## Work to be completed
Of the entries below, repeat exactly only those lines from the one containing "1046 Book Road W Property Photo 37" through the last line, with pictures omitted.

====

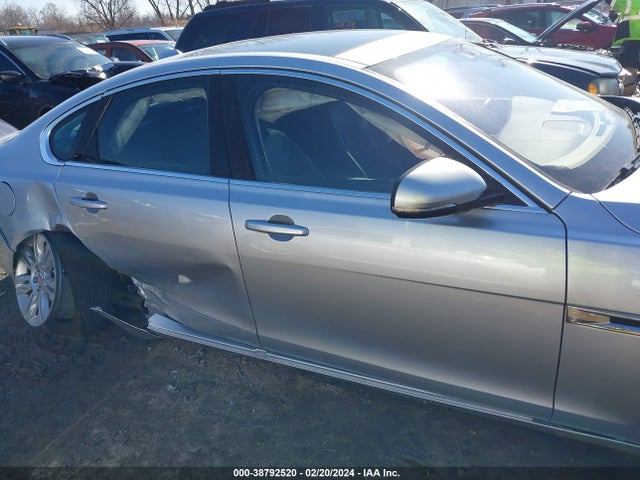 Jaguar Xf 35t 2017 SAJBR4BV2HCY33244 Image 13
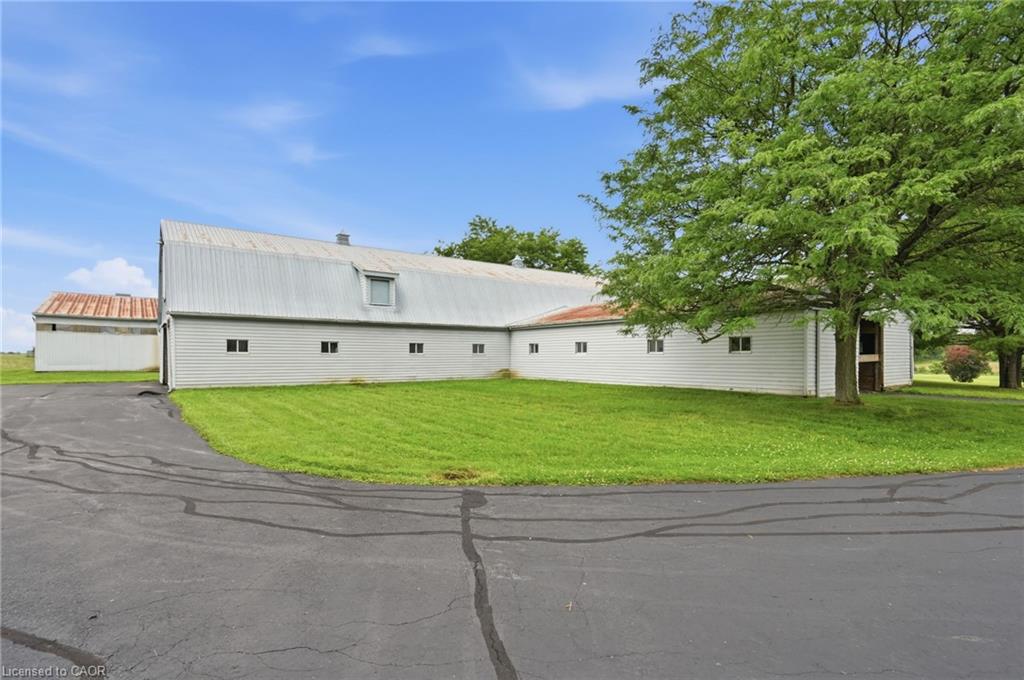 1046 Book Road W Property Photo 37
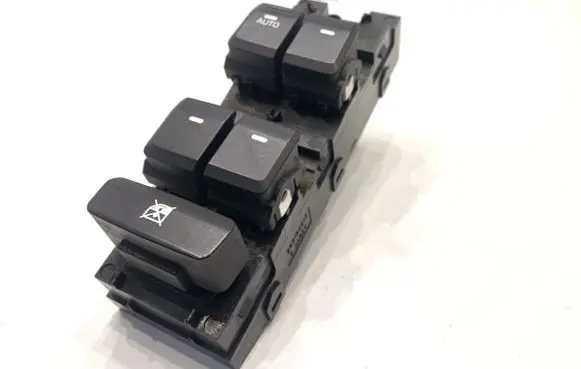 Hyundai i20 (GB IB) Electric window control switch 299131738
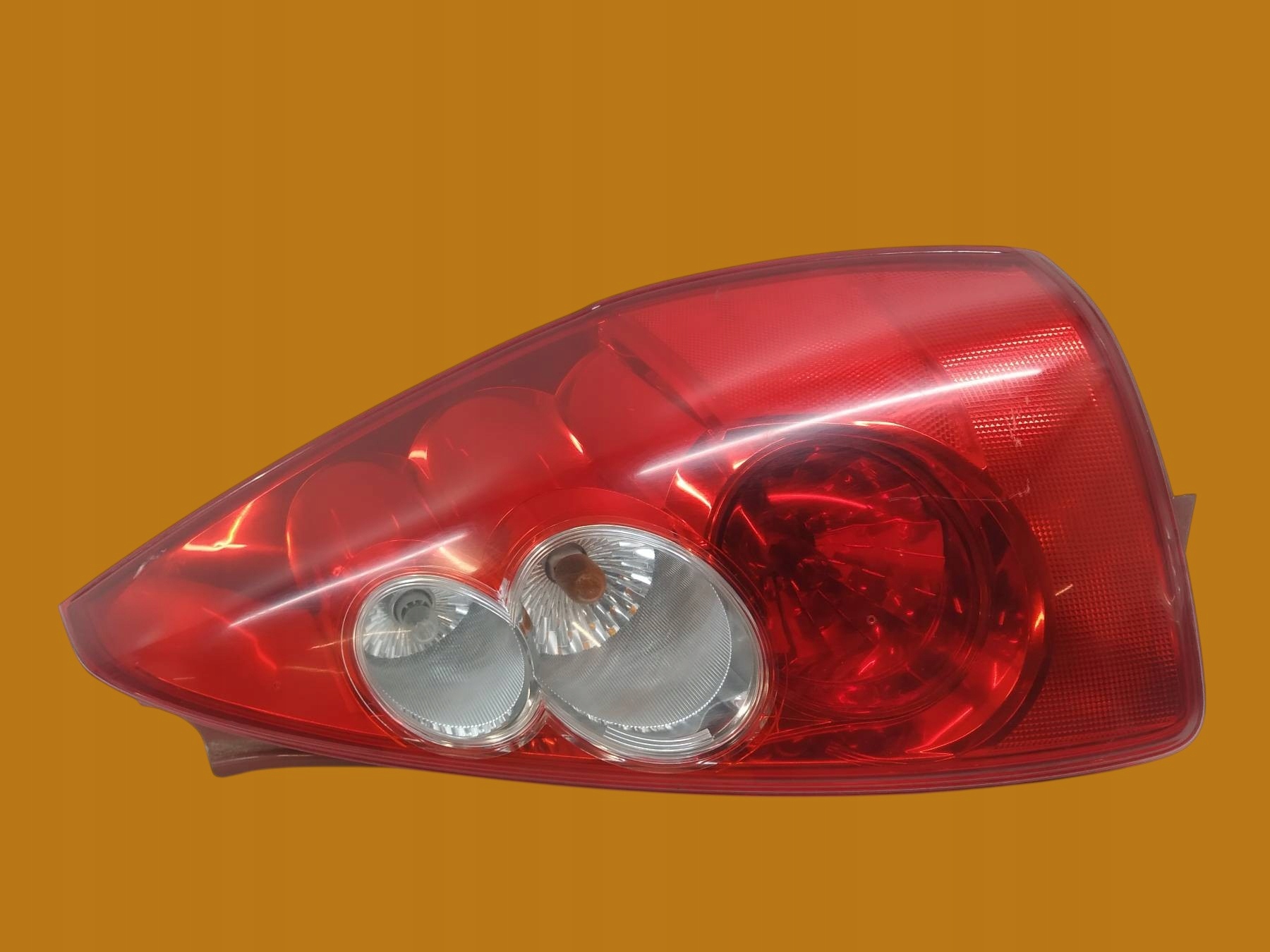 Licht heck rechts EUROPA Mazda 5 und (2005-2010)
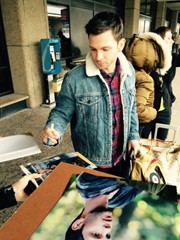 signing photo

====

## Answer to this problem
 1046 Book Road W Property Photo 37
 Hyundai i20 (GB IB) Electric window control switch 299131738
 Licht heck rechts EUROPA Mazda 5 und (2005-2010)
 signing photo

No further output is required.